→ **Task brief**
Could you repeat every line below exactly, skipping the images?

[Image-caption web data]
⟨

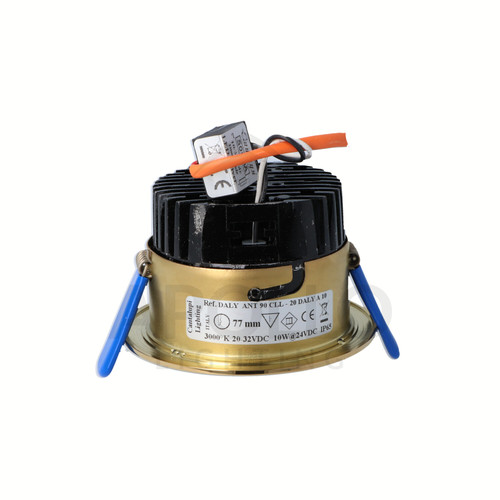 Cantalupi DALY 90/Q A CSL – 2700K Square LED Downlight, 77 mm, 28V @ 350mA, IP40 (Model: 20DALY QA 03 N2 CH, B-16)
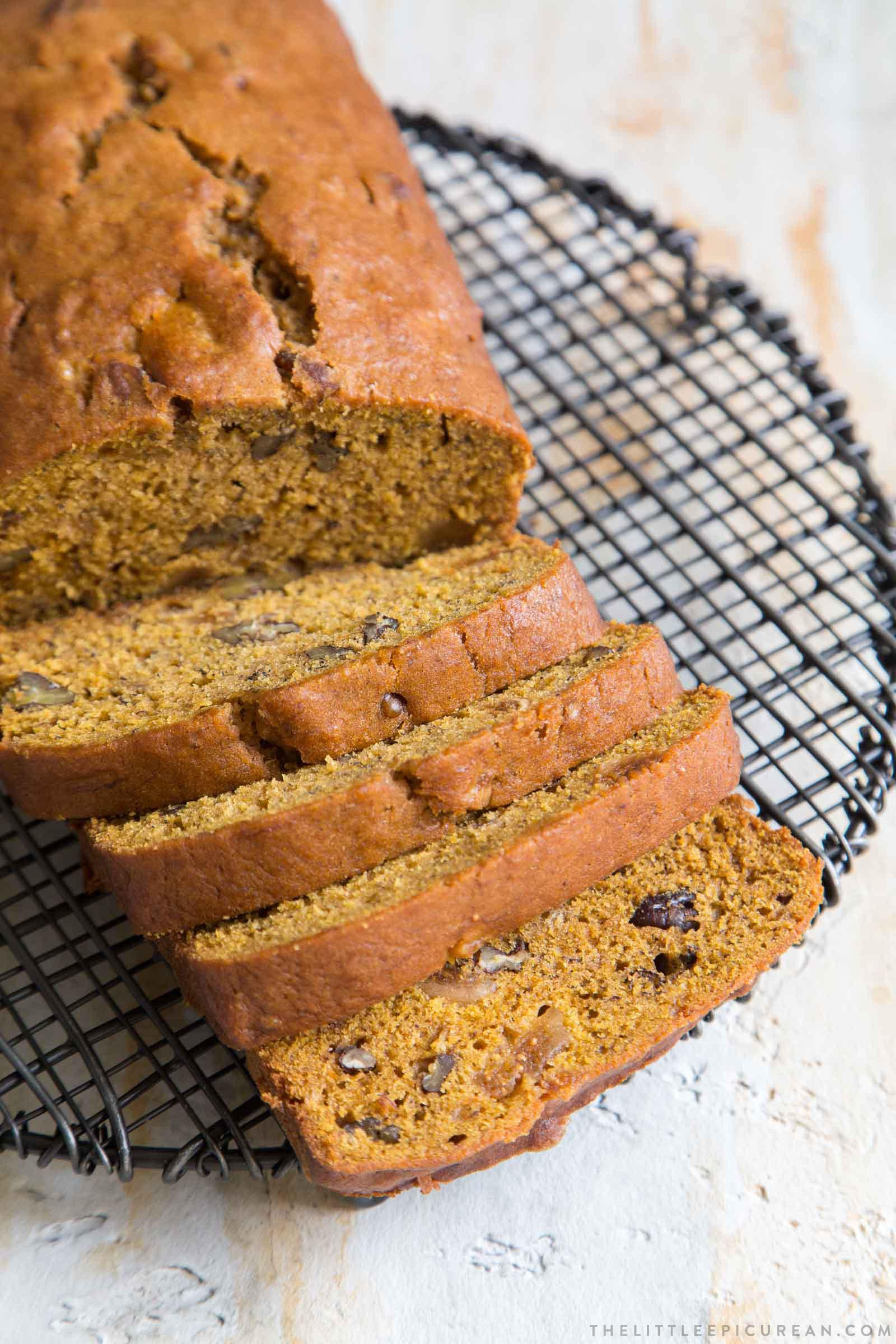 Banana Pumpkin Bread
 Banana Pumpkin Bread with figs and pecans The Little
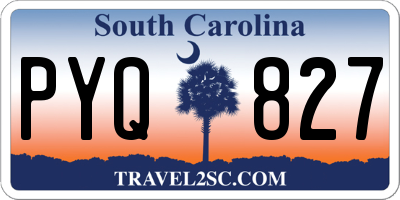 SC license plate PYQ827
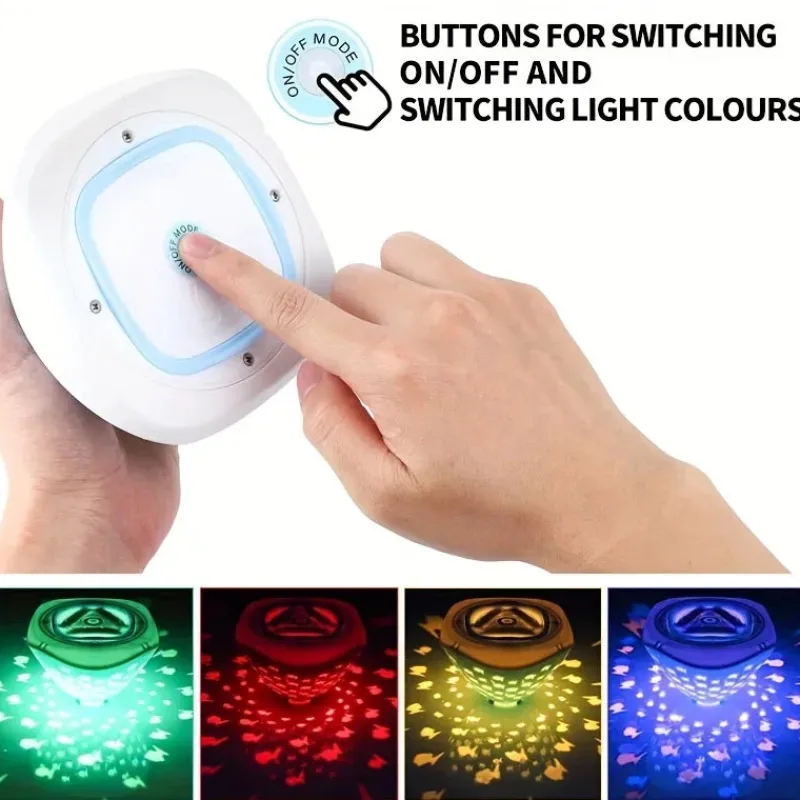 Aqua Party Light™ – Svømmefest i badet - Lysprojektion med fisk Fashion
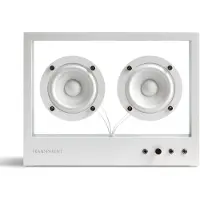 Transparent Sound Small Speaker White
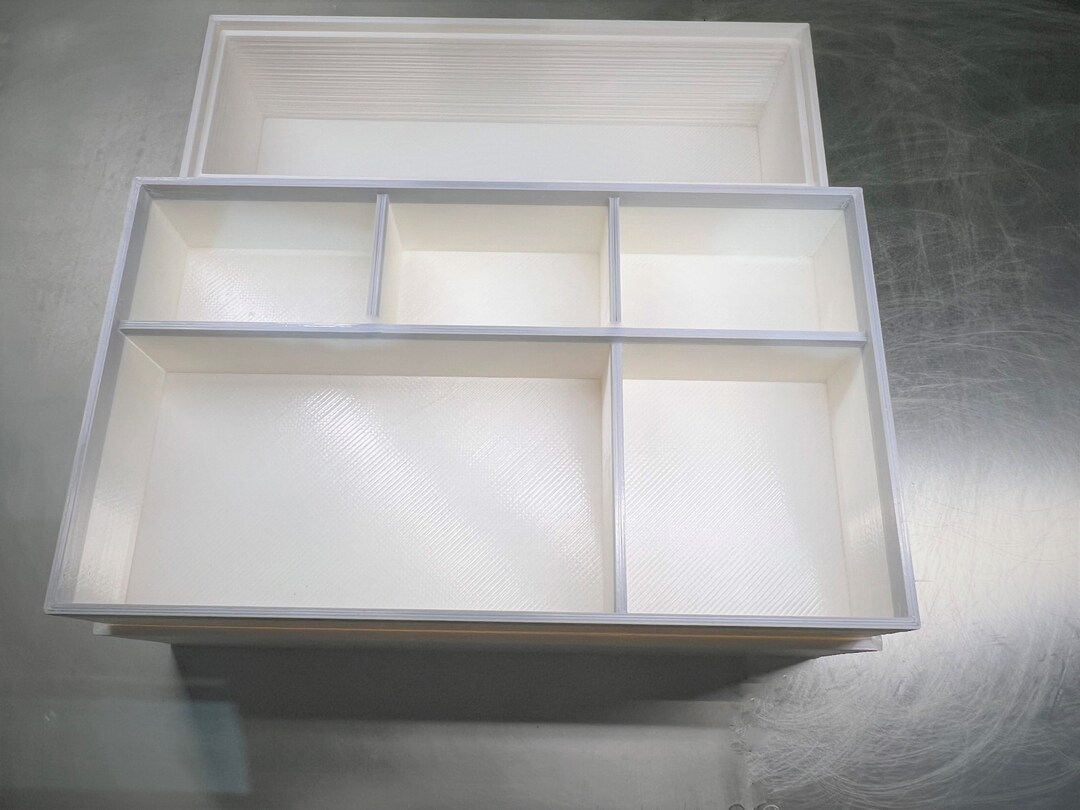 Custom Drawer Organizers, Nesting SET With Front to Back Slider, Stores ...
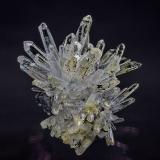 Quartz, Sphalerite, Epidote<br />Idarado Mine, Telluride, Ouray District, San Miguel County, Colorado, USA<br />7.0 x 6.5 cm<br /> (Author: am mizunaka)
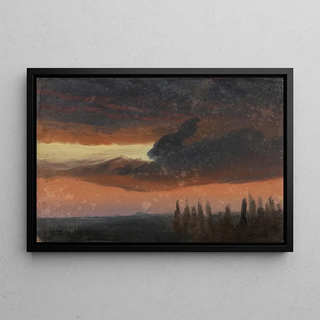 Knud Baade - Cloud Study over Poplars.webp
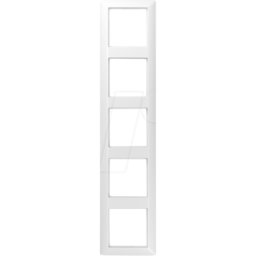 JUNG JG AS585 BF - Bastidor, 5 aumentos, serie AS, blanco alpino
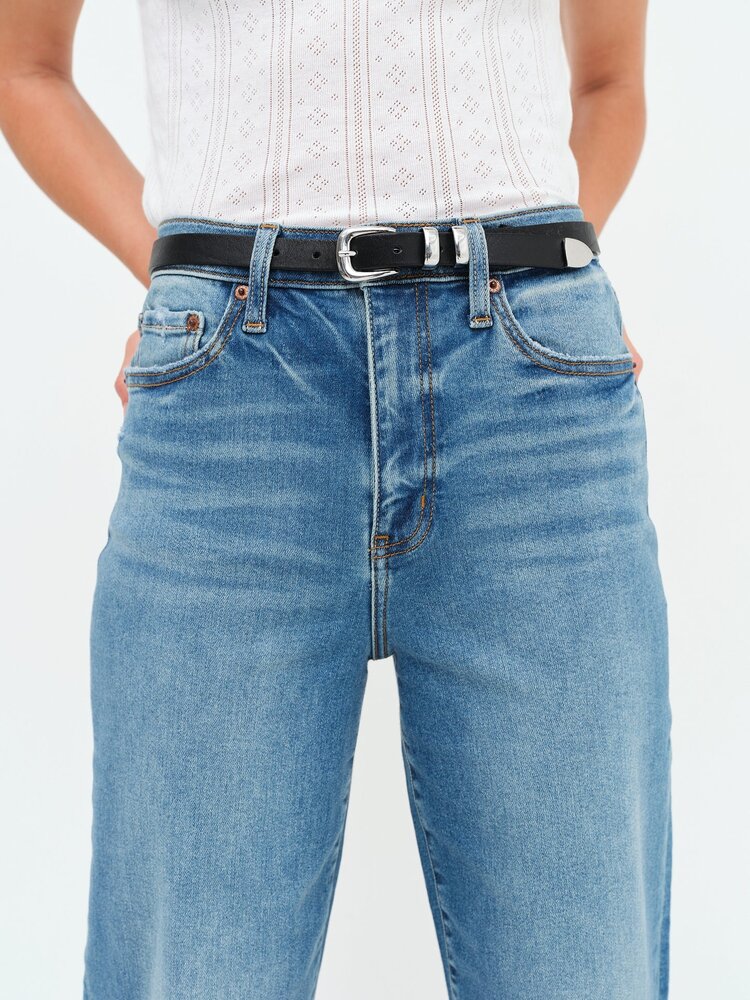 Daze Daze Denim Pleaser- High Rise Wide Ankle Jean D00017181ZZ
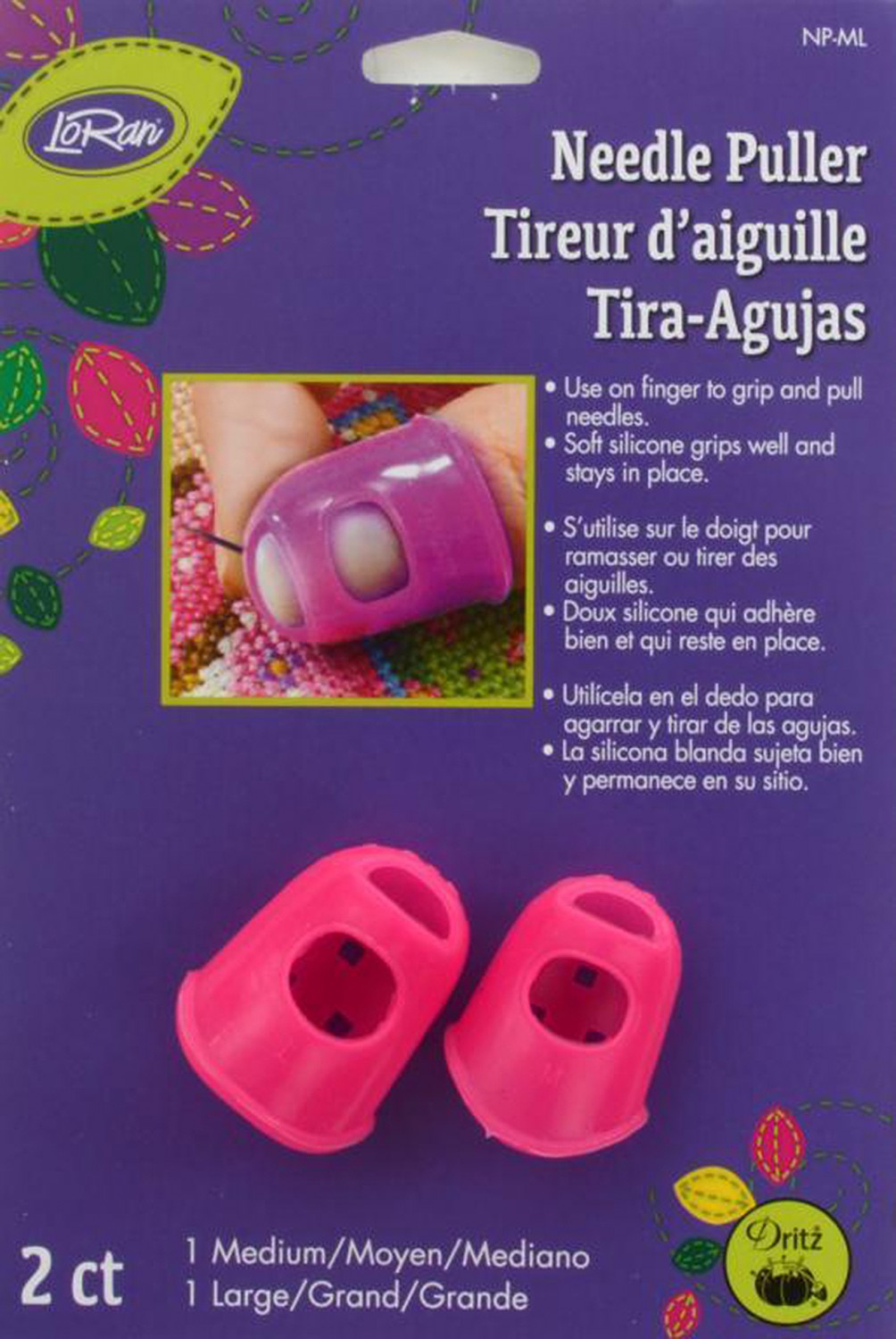 Stay-On Needle Puller Medium Large 2ct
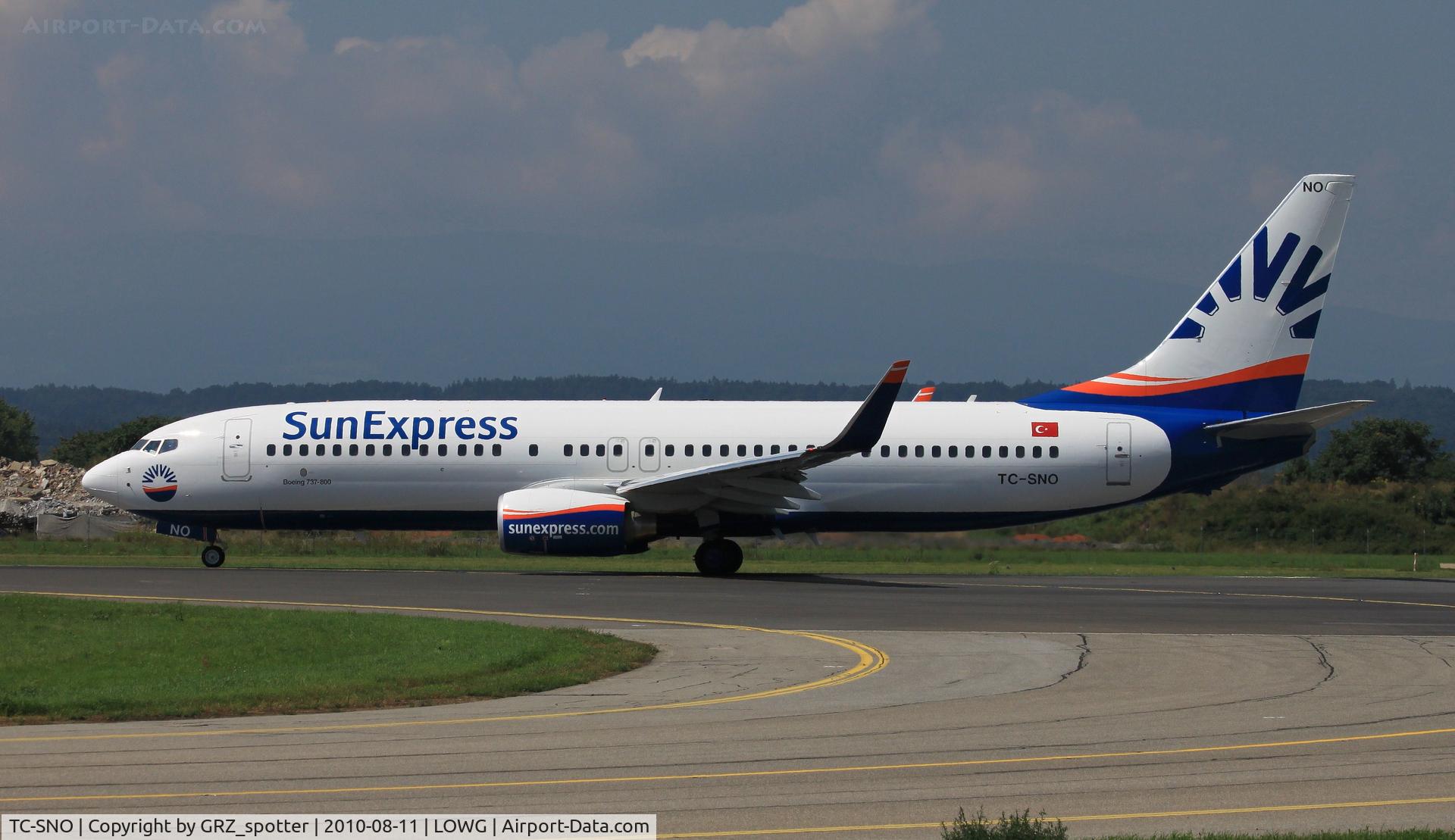 TC-SNO, 2010 Boeing 737-8HC C/N 40776, Sun Express B738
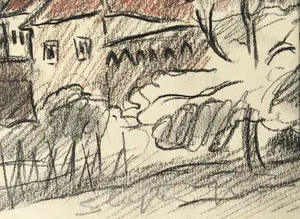 Jan Sluijters (jr.) - Dorpsgezicht met kerk. kopen? Bied vanaf 75!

⟩

→ **Reply**
 Cantalupi DALY 90/Q A CSL – 2700K Square LED Downlight, 77 mm, 28V @ 350mA, IP40 (Model: 20DALY QA 03 N2 CH, B-16)
 Banana Pumpkin Bread
 Banana Pumpkin Bread with figs and pecans The Little
 SC license plate PYQ827
 Aqua Party Light™ – Svømmefest i badet - Lysprojektion med fisk Fashion
 Transparent Sound Small Speaker White
 Custom Drawer Organizers, Nesting SET With Front to Back Slider, Stores ...
 Quartz, Sphalerite, Epidote<br />Idarado Mine, Telluride, Ouray District, San Miguel County, Colorado, USA<br />7.0 x 6.5 cm<br /> (Author: am mizunaka)
 Knud Baade - Cloud Study over Poplars.webp
 JUNG JG AS585 BF - Bastidor, 5 aumentos, serie AS, blanco alpino
 Daze Daze Denim Pleaser- High Rise Wide Ankle Jean D00017181ZZ
 Stay-On Needle Puller Medium Large 2ct
 TC-SNO, 2010 Boeing 737-8HC C/N 40776, Sun Express B738
 Jan Sluijters (jr.) - Dorpsgezicht met kerk. kopen? Bied vanaf 75!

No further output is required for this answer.